Virjesh: The universalisation of the minimum wage and a national level floor wage are good steps for the benefit of labour.

Will the four new codes be sufficient to protect the health and safety of all migrant workers? Or do they fail to protect the health and safety of some groups of migrant workers?

Chandrajit: The new Labour Codes provide legal protection to all unorganised and migrant workers, which itself is a milestone for the country. The registration of migrants, journey allowance and portability of benefits are the significant steps for the protection of migrants. State governments have also launched many schemes to ensure the livelihoods of the migrant workers.

Virjesh: The new codes partially address the health and safety concerns of the migrant workers but in some aspects they fail to do so.

The adequacy of the codes can be found in the following:

  • A new labour code to envisage covering over 50 crore workers from organised, unorganised and self-employed sectors for minimum wages and social security
  • Social security net of ESIC and EPFO to widen, opening up for all workers and self-employed
  • Setting up of a social security fund for 40 crore unorganised workers along with gig and platform workers – this will help in widening universal social security coverage
  • Pay parity on gender basis
  • All migrant workers will now be covered instead of only those who were brought to work in a state by contractors
  • A database on migrant workers will be established through the law to help better targeting, skill mapping and utilisation of government schemes by such workers
  • Migrant workers will get a journey allowance from their employers, to visit their home town once a year
  • A helpline will be established for grievance redressal.

However in some the aspects, the codes need a revision as well.

Will the various new duties imposed on employers improve health and safety at work in India?

Chandrajit: Until now, the provisions of the Factories Act 1948 regulated the duties and responsibilities of employers to ensure health and safety at work.

The OSH and Working Conditions Code expands the applicability of the safety provisions to all establishments having 10 or more workers.

The Confederation of Indian Industry (CII) believes that all the Codes are quite inclusive in terms of ensuring ease of compliance to the industry and ensuring the health, social security and safe working environment of all workers.

Virjesh: The codes will help to keep a check on the working conditions, facilities, wages and security-related aspects of workers. This will help to create better conditions for workers and improve their health and safety concerns as well.

What should the government focus on now that the four codes have been adopted? Should they focus on enforcing the new laws, educating employers about their new responsibilities and/or educating workers about their new employment rights?

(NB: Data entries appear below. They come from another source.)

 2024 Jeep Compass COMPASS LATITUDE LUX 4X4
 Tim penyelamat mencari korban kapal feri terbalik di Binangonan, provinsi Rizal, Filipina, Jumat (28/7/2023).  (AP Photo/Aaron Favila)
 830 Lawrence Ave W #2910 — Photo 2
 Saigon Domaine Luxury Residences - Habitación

Chandrajit: The next priority is to ensure the smooth implementation of the four codes. The new codes have received the President’s assent and the government is planning to implement all four codes in one go by the next financial year.

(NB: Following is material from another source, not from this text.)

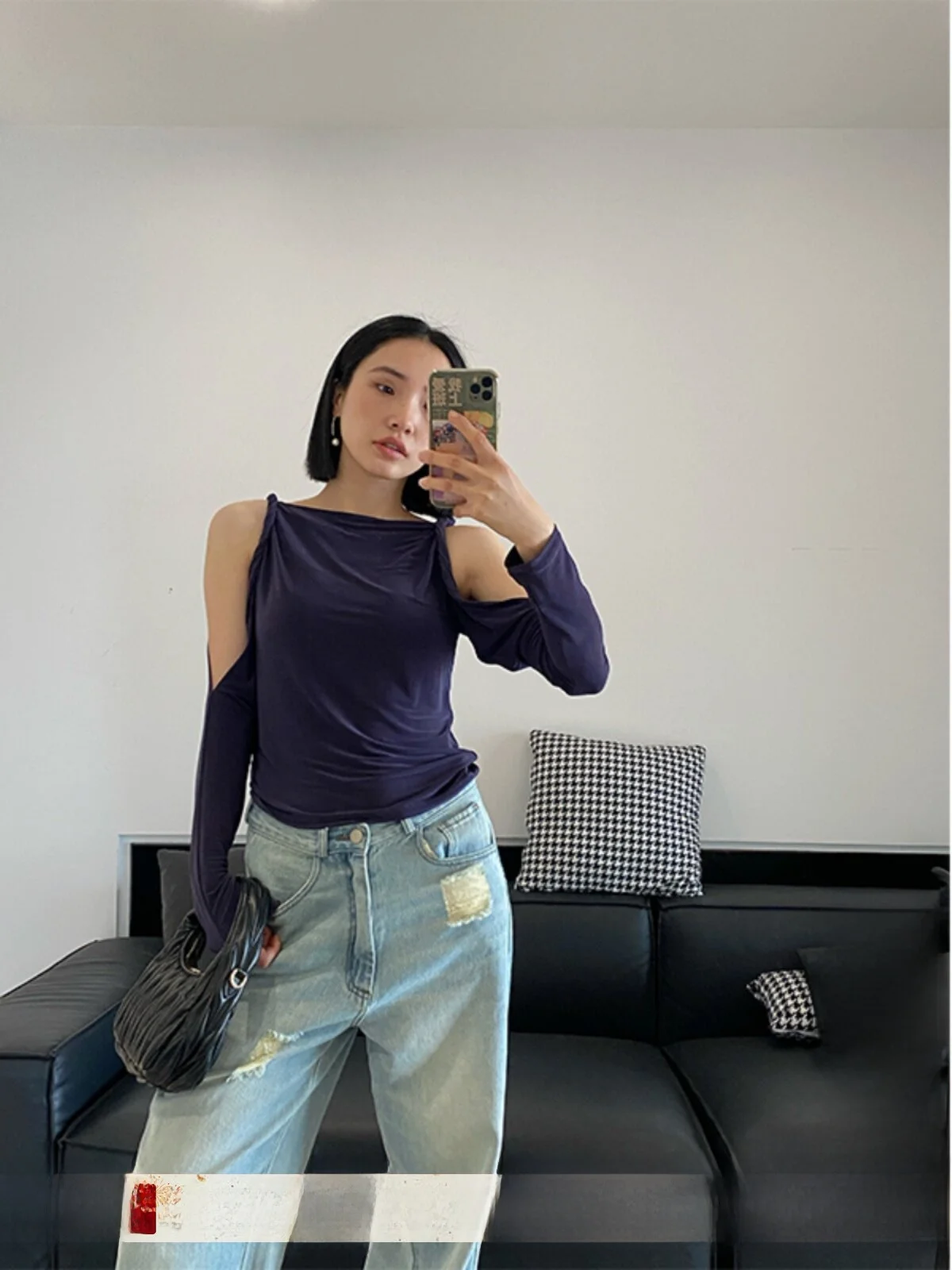 

oulder-Bared T-irt Women's Casual Sle Long Sve Regular Fit Other Material 00% Suitable for Spring Season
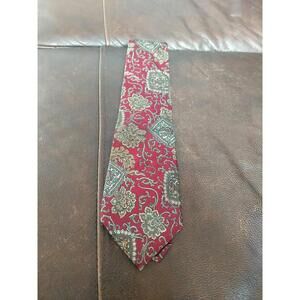 Vintage Oscar de la Renta 100% Silk Paisley Tie Red Made In Usa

India has waited for the reforms for decades and the comprehensive reforms will certainly improve India’s Ease of Doing Business ranking. This will make India a preferred investment destination.

Virjesh: The priority is definitely enforcement. However, enforcement and education are inter-related in our system. It is ethical and profitable both because labour is the only appreciating asset of the business.

Do you have any additional views on the four Labour Codes?

Chandrajit: The CII believes the reforms introduced through the four codes are progressive. They will help to build a future of work that is safer, fairer, greener and more resilient.

Virjesh: The codes are only valuable if they are implemented in a manner that benefits the maximum number of the working population associated with them. The codes are very well drafted however they have some shortcomings.

It is now the responsibility of employers and those associated with the enforcement of the legislation to ensure that the benefits of the laws reach the maximum number of Indian workers.